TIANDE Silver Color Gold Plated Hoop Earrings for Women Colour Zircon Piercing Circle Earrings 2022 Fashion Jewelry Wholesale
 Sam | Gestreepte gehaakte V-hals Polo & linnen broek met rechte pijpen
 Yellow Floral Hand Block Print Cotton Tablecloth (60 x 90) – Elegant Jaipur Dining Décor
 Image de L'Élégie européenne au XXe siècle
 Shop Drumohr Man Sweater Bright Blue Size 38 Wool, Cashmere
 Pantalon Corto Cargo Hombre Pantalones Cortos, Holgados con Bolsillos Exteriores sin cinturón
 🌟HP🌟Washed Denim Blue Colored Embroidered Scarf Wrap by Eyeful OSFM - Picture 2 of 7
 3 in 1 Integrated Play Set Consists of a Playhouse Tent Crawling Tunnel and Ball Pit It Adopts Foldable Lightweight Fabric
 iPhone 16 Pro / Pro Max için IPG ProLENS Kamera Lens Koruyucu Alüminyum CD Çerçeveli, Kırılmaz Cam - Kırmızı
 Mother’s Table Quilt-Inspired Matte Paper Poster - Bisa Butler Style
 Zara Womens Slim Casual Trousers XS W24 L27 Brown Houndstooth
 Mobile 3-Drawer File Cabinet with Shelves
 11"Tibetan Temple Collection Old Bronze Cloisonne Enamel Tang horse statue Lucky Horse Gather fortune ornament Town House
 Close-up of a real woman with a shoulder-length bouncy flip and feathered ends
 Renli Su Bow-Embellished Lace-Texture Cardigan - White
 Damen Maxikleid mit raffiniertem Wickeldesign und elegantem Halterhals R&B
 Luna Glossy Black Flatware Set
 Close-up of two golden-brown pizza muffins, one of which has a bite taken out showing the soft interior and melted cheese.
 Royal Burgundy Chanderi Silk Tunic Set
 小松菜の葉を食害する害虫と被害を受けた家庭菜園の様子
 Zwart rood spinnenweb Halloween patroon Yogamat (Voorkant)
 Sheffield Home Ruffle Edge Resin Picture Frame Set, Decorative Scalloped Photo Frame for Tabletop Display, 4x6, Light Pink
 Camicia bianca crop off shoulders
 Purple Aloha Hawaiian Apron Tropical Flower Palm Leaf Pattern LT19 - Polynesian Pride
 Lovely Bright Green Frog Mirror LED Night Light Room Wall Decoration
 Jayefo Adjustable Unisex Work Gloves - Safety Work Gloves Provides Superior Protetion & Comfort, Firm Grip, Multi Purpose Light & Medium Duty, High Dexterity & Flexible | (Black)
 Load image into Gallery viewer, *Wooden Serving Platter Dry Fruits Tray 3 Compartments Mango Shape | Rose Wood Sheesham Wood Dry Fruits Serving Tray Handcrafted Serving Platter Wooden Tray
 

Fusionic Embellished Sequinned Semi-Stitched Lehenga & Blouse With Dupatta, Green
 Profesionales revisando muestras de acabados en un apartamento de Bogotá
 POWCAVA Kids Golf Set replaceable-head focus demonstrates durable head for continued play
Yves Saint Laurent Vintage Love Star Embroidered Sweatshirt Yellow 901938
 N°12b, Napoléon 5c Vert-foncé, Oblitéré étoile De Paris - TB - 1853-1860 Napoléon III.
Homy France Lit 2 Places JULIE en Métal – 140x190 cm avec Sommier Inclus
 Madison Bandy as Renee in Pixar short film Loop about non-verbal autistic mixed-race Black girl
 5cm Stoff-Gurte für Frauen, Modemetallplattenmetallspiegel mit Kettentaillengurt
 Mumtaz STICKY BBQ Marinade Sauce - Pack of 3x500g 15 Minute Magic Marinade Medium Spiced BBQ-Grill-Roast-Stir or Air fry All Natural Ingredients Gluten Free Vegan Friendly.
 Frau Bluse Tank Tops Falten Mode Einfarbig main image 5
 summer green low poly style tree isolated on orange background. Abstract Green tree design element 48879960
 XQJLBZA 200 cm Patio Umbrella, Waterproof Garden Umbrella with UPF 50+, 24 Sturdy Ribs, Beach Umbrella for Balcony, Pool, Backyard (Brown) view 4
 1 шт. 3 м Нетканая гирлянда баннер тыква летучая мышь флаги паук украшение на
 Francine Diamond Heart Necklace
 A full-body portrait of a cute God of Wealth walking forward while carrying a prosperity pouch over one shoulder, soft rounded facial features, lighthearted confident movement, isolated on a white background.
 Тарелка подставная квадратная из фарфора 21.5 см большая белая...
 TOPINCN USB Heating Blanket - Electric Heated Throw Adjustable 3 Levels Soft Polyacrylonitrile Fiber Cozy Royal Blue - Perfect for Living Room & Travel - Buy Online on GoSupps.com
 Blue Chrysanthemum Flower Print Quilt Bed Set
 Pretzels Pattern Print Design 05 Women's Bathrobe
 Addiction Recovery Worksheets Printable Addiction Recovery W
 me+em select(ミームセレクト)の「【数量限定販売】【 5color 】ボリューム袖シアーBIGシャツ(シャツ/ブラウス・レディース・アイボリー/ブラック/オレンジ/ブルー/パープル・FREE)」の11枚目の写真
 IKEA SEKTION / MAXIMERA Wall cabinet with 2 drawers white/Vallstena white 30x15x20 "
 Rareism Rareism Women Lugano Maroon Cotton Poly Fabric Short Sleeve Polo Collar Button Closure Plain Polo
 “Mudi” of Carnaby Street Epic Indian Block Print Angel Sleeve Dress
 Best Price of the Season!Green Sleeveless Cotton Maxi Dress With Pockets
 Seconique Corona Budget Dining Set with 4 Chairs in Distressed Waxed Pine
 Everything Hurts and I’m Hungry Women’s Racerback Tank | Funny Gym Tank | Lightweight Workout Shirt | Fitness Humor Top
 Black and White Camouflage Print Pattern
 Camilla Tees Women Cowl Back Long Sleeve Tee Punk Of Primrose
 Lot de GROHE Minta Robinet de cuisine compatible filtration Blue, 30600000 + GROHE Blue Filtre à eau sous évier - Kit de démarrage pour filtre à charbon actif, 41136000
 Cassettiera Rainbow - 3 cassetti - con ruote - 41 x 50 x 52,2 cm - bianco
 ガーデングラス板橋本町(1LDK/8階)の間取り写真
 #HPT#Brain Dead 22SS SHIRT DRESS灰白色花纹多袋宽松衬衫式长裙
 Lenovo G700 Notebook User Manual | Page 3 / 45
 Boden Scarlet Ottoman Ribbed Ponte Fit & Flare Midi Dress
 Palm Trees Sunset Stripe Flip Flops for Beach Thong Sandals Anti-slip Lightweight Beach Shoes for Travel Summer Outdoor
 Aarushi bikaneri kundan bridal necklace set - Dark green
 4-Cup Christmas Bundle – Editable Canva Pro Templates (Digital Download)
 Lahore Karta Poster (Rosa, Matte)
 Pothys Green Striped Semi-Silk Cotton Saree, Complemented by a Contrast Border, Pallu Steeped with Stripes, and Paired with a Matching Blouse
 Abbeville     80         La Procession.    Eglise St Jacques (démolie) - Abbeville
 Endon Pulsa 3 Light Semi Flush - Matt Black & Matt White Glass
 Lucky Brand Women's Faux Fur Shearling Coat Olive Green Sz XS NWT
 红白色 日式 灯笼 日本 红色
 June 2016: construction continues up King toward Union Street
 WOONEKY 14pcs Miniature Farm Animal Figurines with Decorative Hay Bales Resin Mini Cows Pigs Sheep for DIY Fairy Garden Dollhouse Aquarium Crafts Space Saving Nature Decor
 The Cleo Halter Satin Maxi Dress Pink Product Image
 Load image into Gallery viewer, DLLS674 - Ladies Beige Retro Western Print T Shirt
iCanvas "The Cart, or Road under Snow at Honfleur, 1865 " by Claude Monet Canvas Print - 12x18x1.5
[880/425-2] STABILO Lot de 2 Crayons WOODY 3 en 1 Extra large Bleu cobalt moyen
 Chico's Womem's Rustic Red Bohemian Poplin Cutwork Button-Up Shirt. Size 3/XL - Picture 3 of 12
════════
Count each line of the material above that holds the word "Lucky", and state the total with no other text.

2